Sunday 22 May 2011

Hanging in - or hanging out? A footy lesson?

I went to a Swannies game yesterday.  We got smashed.  It was very sad.  But it got me thinking.  There are two types of people.  There are those who support loudly, who cheer, who wear the team colours, who raise their children to be avid supporters.  Yet when their team is down and it looks like it's all over, they cut and run.  (This is understandable when you know what the traffic is like).  But there are those who also support loudly, cheer, wear the team colours, raise their children to love the team and when their team is losing - shock horror - they stick around.

I am one of the latter.  (When it comes to being a Swannies supporter anyway).  Part of this is my stubborn nature.  Part of it is that I've paid good money to watch a whole game & enjoy the kick to kick.  And part of it is because I have stickability.  I will hang in there to the very end, still encouraging the boys and willing them to finish well.  It genuinely worries me to think how the players feel when they see hundreds of supporters who were cheering for them an hour ago turning tail and heading home, emptying a stadium that was previously a sea of red and white. Perhaps more importantly, what message do we send to our children?

Now you may be thinking - it's just footy - seriously, get over it!  But it's not just footy.  It's life.  We all get caught in the same trap.  We might be hanging in there through sickness or loss or a rotten job or a difficult relationship.  But we stop cheering.  We take off our team colours.  We start to look at the world outside whatever stadium we're currently in and it looks like a good option.  We start to forget which team we belong to and who our coach is.  The truth is we're hanging in there through the bad stuff, but we've stopped hanging out for the good stuff to happen.  We've lost hope.

1 Peter 1:6 says:  "So be truly glad.
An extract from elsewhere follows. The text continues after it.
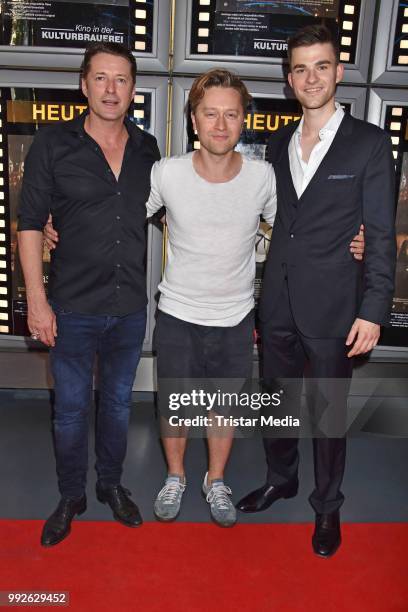 Bruno Eyron, Adrian Topol and Patrick Moelleken during the premiere of 'Das letzte Mahl' at Kino in der Kulturbrauerei on July 5, 2018 in Berlin,...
There is wonderful joy ahead, even though you have to endure many trials for a little while."(NLT)

We need to be truly glad.  We need to find our joy in hope.  Paul tells us that hope isn't hope if you can see it.  It's not crazy to take joy in something that hasn't happened, isn't likely or you haven't seen.  It's optimism.  And if you're in a relationship with Jesus - it's one of his best gifts!

Our kids don't need to see us throwing our hands up in the air in despair.  They don't need to hear us whining about how bad the ref is and how unfair the calls are.  They don't need to see us getting frustrated with other supporters.  They don't need us to take them with us when we opt out and leave when the game's not over.
Rather than hanging in there and just being miserable, our kids need to see us cheering, wearing the team colours and hanging out for a better future.  It is their future after all.